Exercise prompt: Each line of the records has to be copied exactly, though the pictures must be left out.

Data supplied:

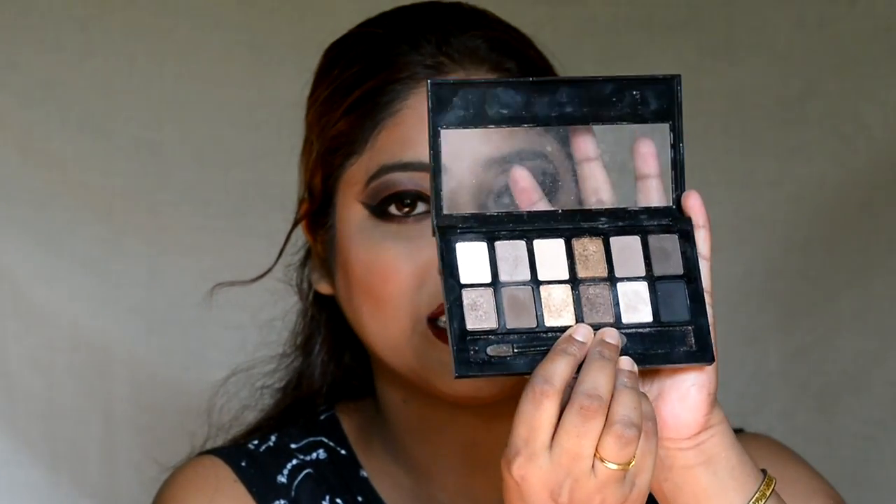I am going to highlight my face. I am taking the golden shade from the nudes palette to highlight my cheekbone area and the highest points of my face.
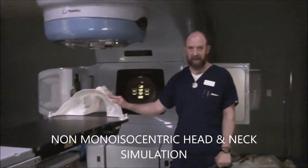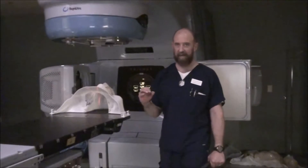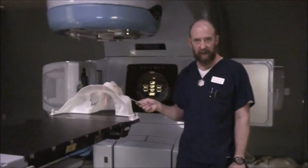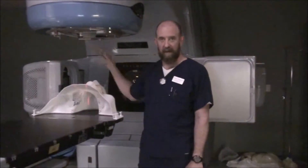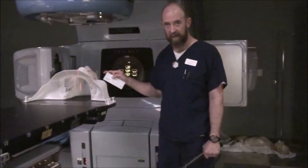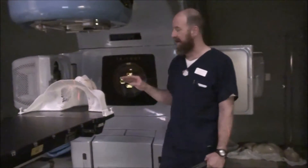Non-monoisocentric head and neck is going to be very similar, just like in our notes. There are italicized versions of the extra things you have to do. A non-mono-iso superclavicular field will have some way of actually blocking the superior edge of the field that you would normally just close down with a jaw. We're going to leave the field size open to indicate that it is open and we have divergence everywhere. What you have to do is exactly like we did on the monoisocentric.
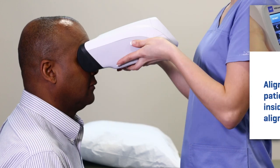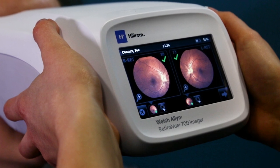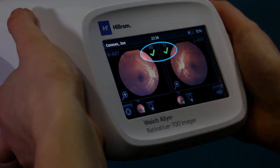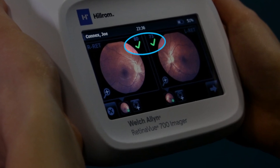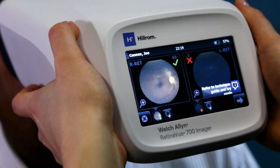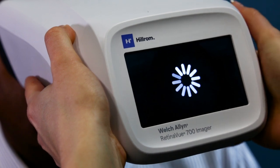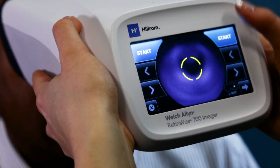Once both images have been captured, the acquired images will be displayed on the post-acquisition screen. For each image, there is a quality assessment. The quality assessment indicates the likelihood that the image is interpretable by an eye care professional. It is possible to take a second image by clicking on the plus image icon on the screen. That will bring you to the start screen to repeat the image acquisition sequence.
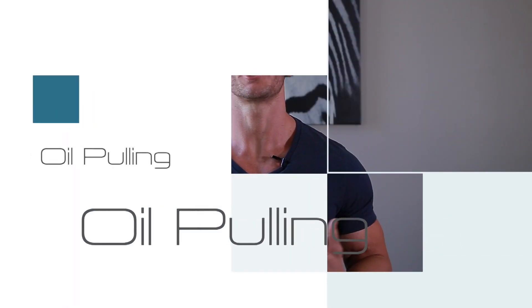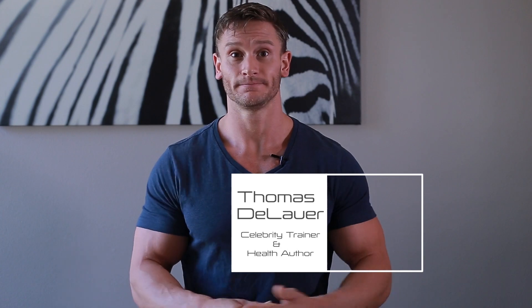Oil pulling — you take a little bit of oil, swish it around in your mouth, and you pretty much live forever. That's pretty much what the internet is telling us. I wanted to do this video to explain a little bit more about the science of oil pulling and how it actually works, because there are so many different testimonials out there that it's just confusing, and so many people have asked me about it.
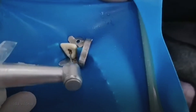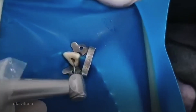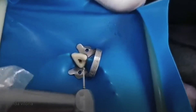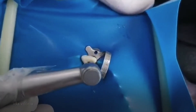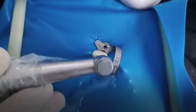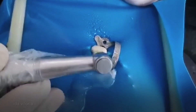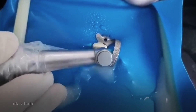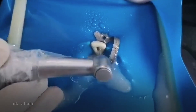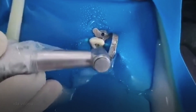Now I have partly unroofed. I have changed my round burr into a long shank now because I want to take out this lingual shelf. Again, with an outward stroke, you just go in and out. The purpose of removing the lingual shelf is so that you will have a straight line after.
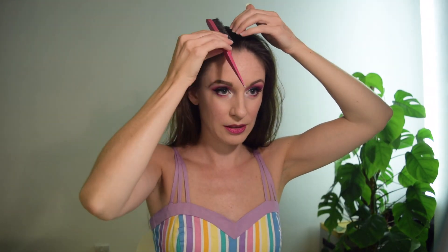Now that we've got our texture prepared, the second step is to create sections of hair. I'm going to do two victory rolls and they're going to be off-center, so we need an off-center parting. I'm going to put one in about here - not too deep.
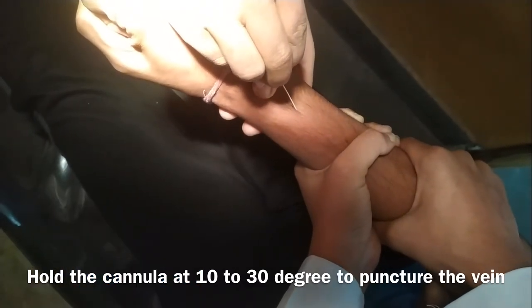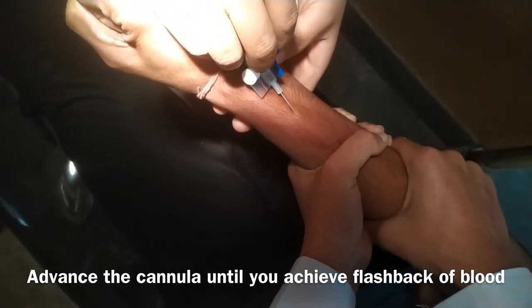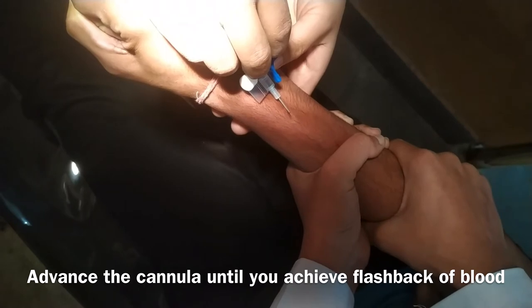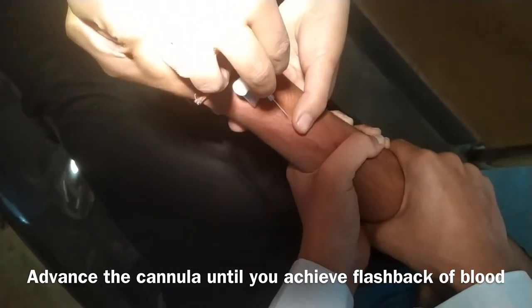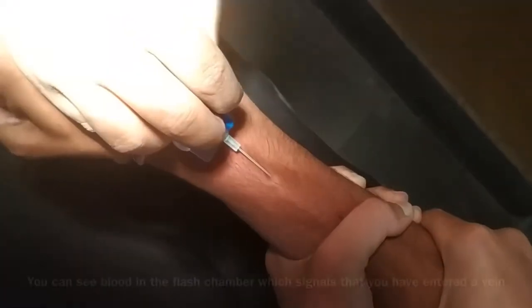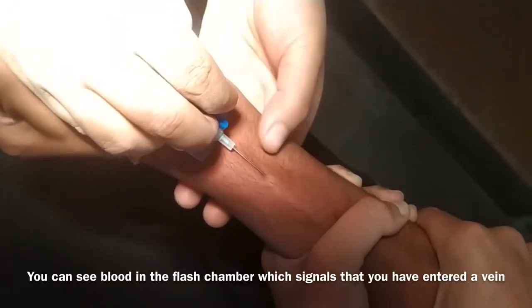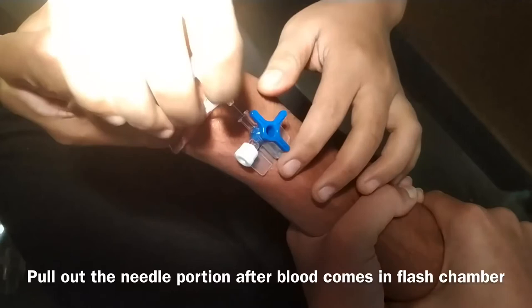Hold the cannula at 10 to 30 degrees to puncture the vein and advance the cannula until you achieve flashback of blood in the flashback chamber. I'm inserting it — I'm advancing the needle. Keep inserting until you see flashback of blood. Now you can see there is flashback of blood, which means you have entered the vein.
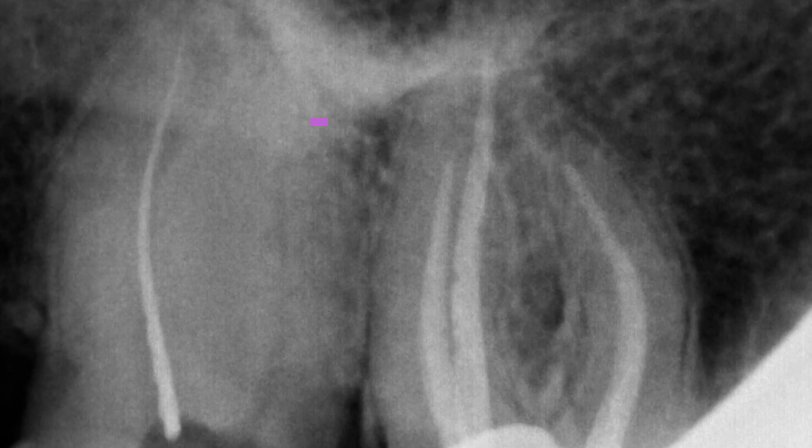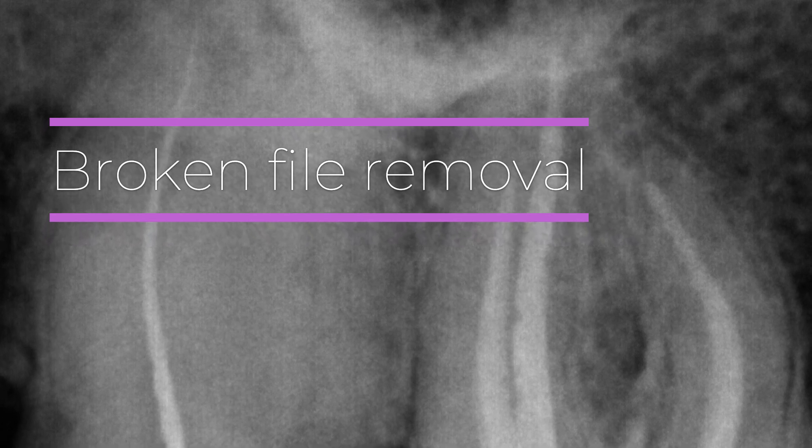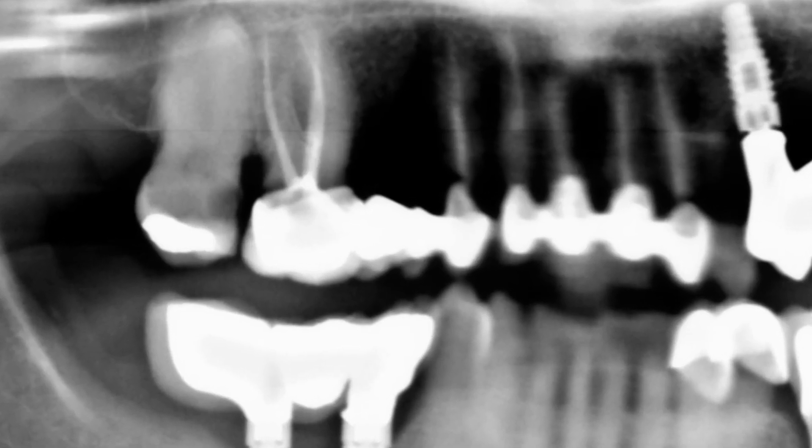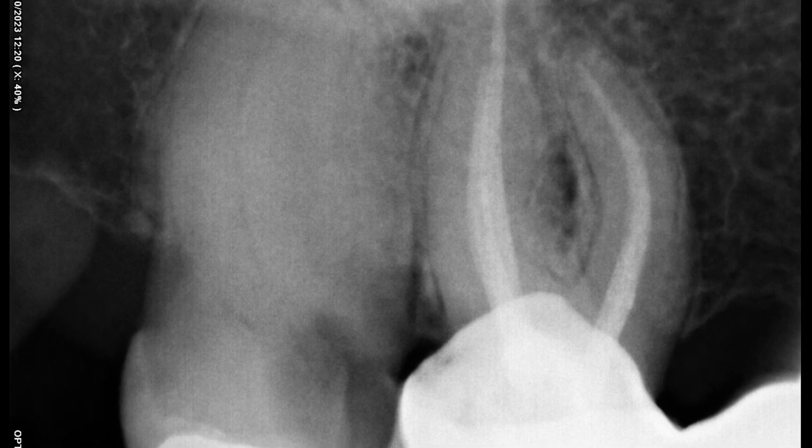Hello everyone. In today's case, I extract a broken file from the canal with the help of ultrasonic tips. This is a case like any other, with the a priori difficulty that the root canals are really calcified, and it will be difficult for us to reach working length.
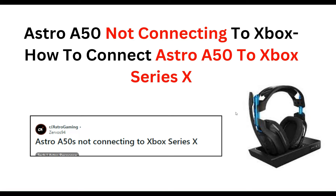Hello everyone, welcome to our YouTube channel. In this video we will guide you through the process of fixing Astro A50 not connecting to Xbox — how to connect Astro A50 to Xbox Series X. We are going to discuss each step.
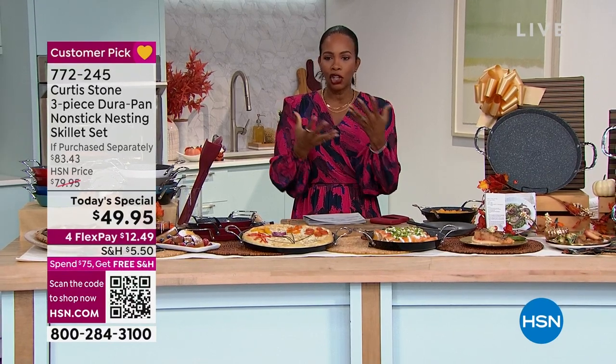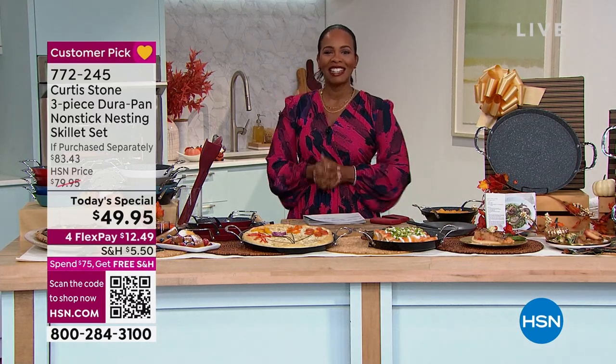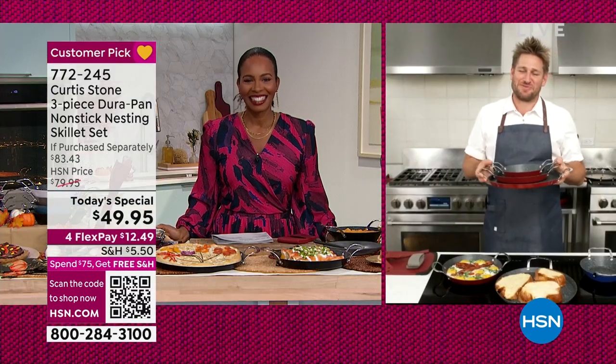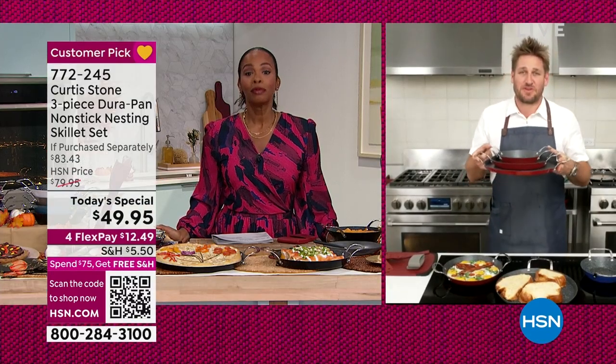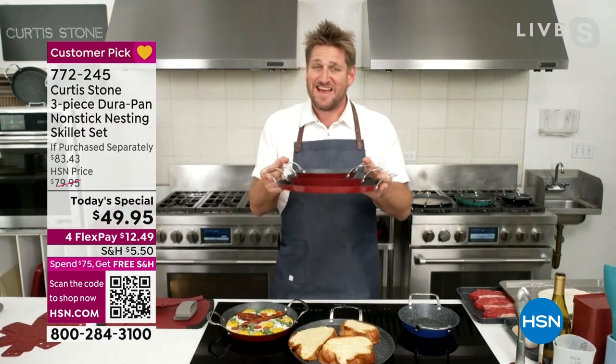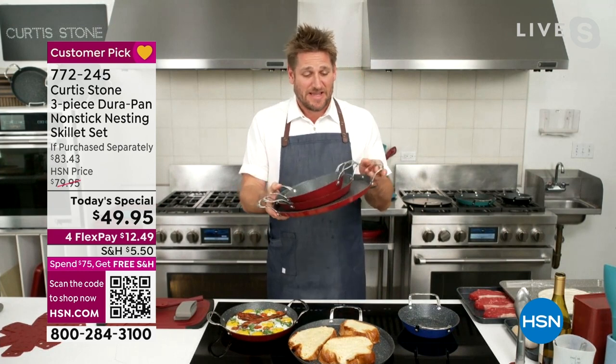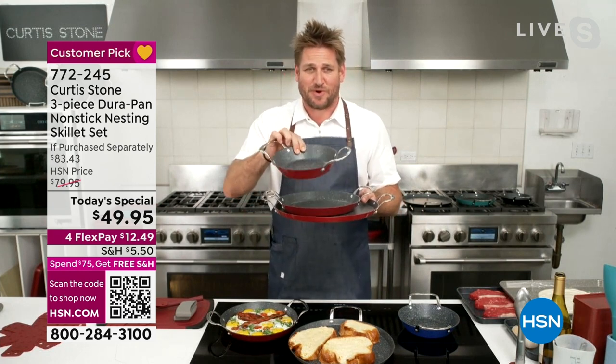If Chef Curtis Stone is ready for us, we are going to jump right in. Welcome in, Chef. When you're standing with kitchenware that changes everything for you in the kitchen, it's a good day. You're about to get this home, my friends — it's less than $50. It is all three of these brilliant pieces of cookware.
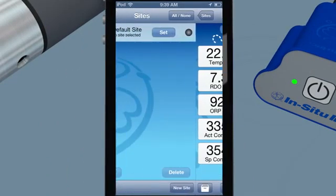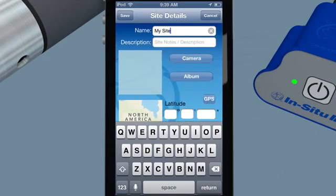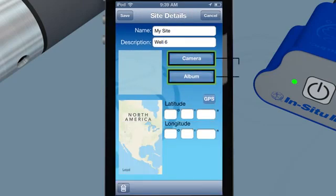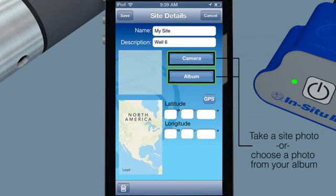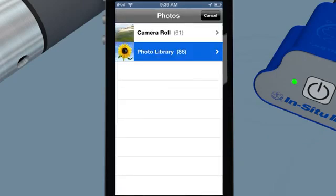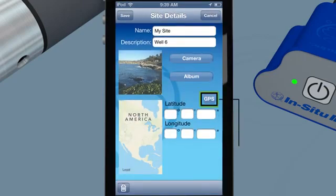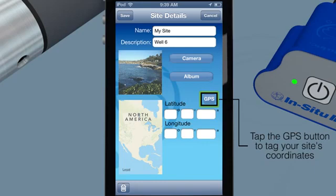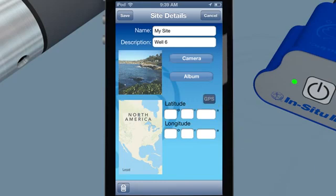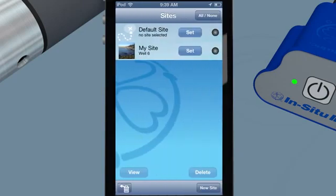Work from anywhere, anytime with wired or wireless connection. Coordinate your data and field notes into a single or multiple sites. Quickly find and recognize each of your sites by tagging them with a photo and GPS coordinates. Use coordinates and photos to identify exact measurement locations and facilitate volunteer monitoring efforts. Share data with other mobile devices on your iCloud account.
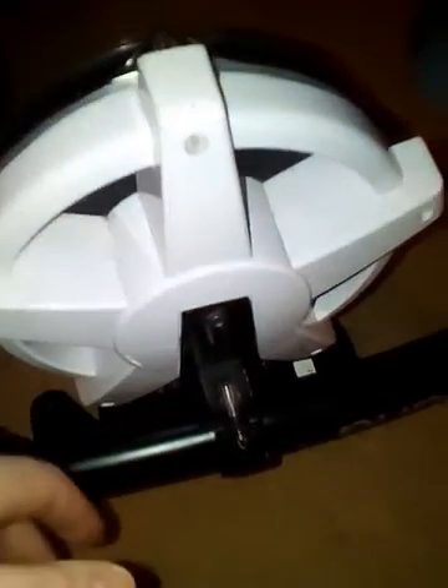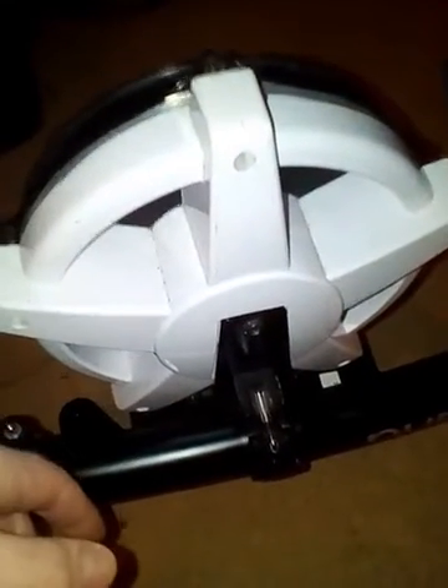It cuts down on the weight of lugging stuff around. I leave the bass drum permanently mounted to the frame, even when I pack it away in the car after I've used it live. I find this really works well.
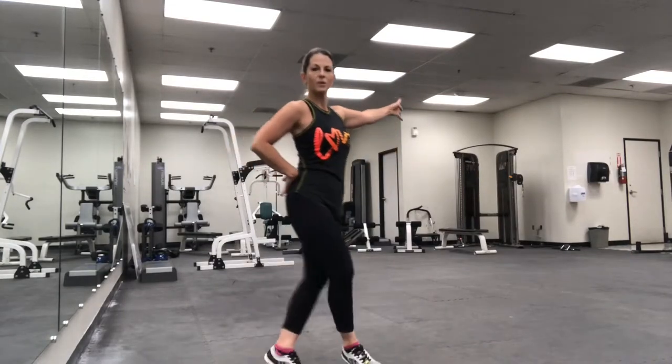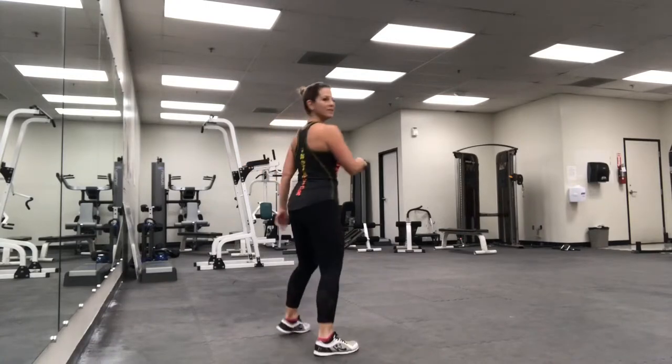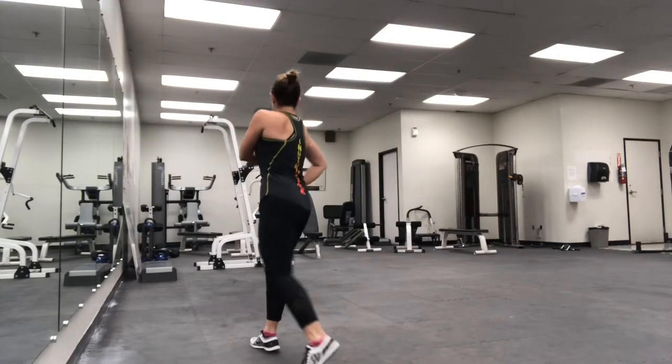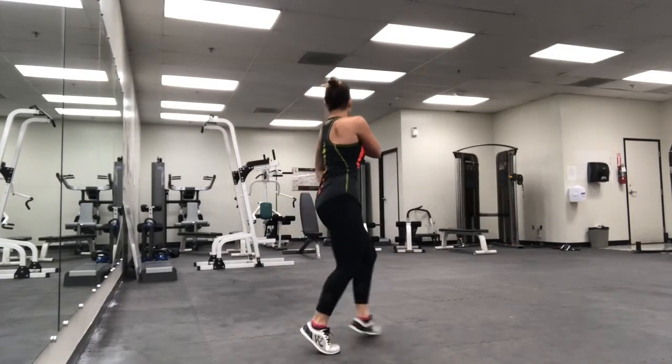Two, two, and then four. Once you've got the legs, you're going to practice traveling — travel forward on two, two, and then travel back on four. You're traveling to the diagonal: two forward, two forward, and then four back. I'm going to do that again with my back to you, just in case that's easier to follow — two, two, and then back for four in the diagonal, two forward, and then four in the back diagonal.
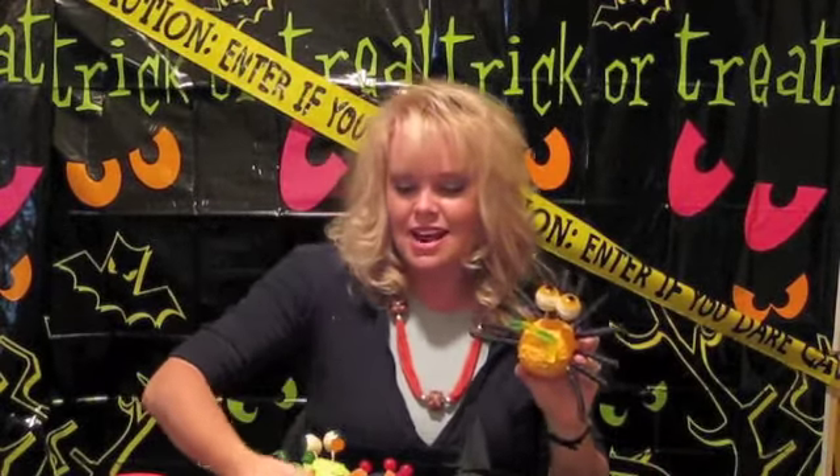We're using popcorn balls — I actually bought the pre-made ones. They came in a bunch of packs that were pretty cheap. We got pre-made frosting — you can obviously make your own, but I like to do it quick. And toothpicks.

Task answer:
I am going to highlight my face. I am taking the golden shade from the nudes palette to highlight my cheekbone area and the highest points of my face.
Non-monoisocentric head and neck is going to be very similar, just like in our notes. There are italicized versions of the extra things you have to do. A non-mono-iso superclavicular field will have some way of actually blocking the superior edge of the field that you would normally just close down with a jaw. We're going to leave the field size open to indicate that it is open and we have divergence everywhere. What you have to do is exactly like we did on the monoisocentric.
Once both images have been captured, the acquired images will be displayed on the post-acquisition screen. For each image, there is a quality assessment. The quality assessment indicates the likelihood that the image is interpretable by an eye care professional. It is possible to take a second image by clicking on the plus image icon on the screen. That will bring you to the start screen to repeat the image acquisition sequence.
Oil pulling — you take a little bit of oil, swish it around in your mouth, and you pretty much live forever. That's pretty much what the internet is telling us. I wanted to do this video to explain a little bit more about the science of oil pulling and how it actually works, because there are so many different testimonials out there that it's just confusing, and so many people have asked me about it.
Now I have partly unroofed. I have changed my round burr into a long shank now because I want to take out this lingual shelf. Again, with an outward stroke, you just go in and out. The purpose of removing the lingual shelf is so that you will have a straight line after.
Now that we've got our texture prepared, the second step is to create sections of hair. I'm going to do two victory rolls and they're going to be off-center, so we need an off-center parting. I'm going to put one in about here - not too deep.
Hold the cannula at 10 to 30 degrees to puncture the vein and advance the cannula until you achieve flashback of blood in the flashback chamber. I'm inserting it — I'm advancing the needle. Keep inserting until you see flashback of blood. Now you can see there is flashback of blood, which means you have entered the vein.
Hello everyone. In today's case, I extract a broken file from the canal with the help of ultrasonic tips. This is a case like any other, with the a priori difficulty that the root canals are really calcified, and it will be difficult for us to reach working length.
Hello everyone, welcome to our YouTube channel. In this video we will guide you through the process of fixing Astro A50 not connecting to Xbox — how to connect Astro A50 to Xbox Series X. We are going to discuss each step.
If Chef Curtis Stone is ready for us, we are going to jump right in. Welcome in, Chef. When you're standing with kitchenware that changes everything for you in the kitchen, it's a good day. You're about to get this home, my friends — it's less than $50. It is all three of these brilliant pieces of cookware.
Work from anywhere, anytime with wired or wireless connection. Coordinate your data and field notes into a single or multiple sites. Quickly find and recognize each of your sites by tagging them with a photo and GPS coordinates. Use coordinates and photos to identify exact measurement locations and facilitate volunteer monitoring efforts. Share data with other mobile devices on your iCloud account.
It cuts down on the weight of lugging stuff around. I leave the bass drum permanently mounted to the frame, even when I pack it away in the car after I've used it live. I find this really works well.
Two, two, and then four. Once you've got the legs, you're going to practice traveling — travel forward on two, two, and then travel back on four. You're traveling to the diagonal: two forward, two forward, and then four back. I'm going to do that again with my back to you, just in case that's easier to follow — two, two, and then back for four in the diagonal, two forward, and then four in the back diagonal.
We're using popcorn balls — I actually bought the pre-made ones. They came in a bunch of packs that were pretty cheap. We got pre-made frosting — you can obviously make your own, but I like to do it quick. And toothpicks.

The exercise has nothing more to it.